他伸手一挡,黑气凝成盾牌,雷电炸开。
第二张——第三张——第四张——
连续四道符咒轰了过去。
他一一挡下,但脚步被逼退了两步。
第五张的时候,他笑了。
"清虚派的弟子?就这水平?"
他抬手。
一团浓缩的黑气凝聚在他掌心——
那团黑气里有人脸。
扭曲的、痛苦的、无声尖叫的人脸。
被他夺取的灵魂碎片。
他把灵魂当做武器。
黑气化作一柄巨锤,朝我砸了下来。
我举起第六张符——灵盾符——
金色的光幕在我头顶撑开。
巨锤砸上光幕。
光幕碎了。
冲击波把我从断墙后面掀了出去。我的后背重重撞在地上,内脏一阵翻搅。
嘴里尝到了铁锈味。
余下六张符散落在地上。
魏千机走过来。
步子很慢。
"你很勇敢。"他居高临下地看着我,"但勇敢——治不了蠢。

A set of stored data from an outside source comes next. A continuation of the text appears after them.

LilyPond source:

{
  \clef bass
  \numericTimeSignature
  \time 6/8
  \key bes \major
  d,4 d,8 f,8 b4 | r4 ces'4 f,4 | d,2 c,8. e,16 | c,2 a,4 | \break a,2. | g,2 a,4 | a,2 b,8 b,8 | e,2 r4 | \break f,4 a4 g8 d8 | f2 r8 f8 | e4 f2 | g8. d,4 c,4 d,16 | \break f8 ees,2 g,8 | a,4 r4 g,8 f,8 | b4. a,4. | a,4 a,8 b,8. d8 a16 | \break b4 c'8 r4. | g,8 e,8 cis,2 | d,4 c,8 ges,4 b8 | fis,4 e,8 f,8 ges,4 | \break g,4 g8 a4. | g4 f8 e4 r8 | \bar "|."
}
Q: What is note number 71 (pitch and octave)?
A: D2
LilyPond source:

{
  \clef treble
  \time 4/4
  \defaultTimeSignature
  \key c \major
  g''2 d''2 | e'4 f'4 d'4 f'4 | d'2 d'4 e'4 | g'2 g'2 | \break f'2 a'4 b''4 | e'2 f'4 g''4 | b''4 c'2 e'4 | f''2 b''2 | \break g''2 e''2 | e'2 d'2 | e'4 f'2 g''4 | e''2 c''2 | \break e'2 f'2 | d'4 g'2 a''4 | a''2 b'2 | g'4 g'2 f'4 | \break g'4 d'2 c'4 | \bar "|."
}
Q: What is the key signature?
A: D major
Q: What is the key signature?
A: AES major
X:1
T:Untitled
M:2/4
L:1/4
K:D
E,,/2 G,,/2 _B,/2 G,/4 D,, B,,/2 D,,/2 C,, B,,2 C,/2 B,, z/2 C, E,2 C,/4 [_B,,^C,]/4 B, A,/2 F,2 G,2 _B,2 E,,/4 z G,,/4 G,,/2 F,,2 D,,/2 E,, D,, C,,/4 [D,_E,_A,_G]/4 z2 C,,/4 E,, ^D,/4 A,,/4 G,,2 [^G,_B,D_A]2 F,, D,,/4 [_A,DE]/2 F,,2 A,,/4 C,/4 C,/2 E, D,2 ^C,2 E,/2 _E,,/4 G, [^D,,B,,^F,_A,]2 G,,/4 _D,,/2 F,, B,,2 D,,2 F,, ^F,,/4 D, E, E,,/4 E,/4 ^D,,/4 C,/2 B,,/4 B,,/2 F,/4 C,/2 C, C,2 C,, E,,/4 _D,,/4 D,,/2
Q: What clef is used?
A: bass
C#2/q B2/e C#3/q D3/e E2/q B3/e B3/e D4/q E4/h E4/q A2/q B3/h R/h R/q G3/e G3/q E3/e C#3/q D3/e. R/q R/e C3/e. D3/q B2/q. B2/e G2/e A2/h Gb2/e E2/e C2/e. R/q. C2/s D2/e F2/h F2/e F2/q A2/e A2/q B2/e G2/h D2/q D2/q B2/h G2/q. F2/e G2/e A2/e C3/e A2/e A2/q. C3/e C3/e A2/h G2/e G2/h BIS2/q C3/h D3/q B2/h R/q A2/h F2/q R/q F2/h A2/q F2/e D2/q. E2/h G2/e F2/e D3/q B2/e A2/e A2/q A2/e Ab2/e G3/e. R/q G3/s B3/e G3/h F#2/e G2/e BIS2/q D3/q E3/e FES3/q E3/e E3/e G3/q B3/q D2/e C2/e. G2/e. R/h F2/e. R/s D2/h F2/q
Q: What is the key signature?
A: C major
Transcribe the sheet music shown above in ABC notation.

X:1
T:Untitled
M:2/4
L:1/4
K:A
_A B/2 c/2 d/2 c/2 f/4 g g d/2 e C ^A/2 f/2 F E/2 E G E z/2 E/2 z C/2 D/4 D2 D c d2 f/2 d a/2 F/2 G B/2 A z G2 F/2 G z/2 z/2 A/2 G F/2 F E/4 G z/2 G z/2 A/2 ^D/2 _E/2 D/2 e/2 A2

"
他抬起手。
黑气再次凝聚。
这一次——我躲不开了。
一道金光从北面斩来——
师父到了。
桃木剑携带着四十年修为的灵力,重重劈在魏千机的灵气护罩上。
护罩裂了——但没碎。
师父被反震力推退了三步。
"清虚!"魏千机转向师父,"二十年了,你也老了。"
"老不老的——"师父稳住身形,桃木剑横在身前,"你来试试。"
两个人交上了手。
金光与黑气在巷子里疯狂碰撞。
砖墙碎裂。
电线杆折断。
路灯全部爆裂。
整条巷子陷入了黑暗。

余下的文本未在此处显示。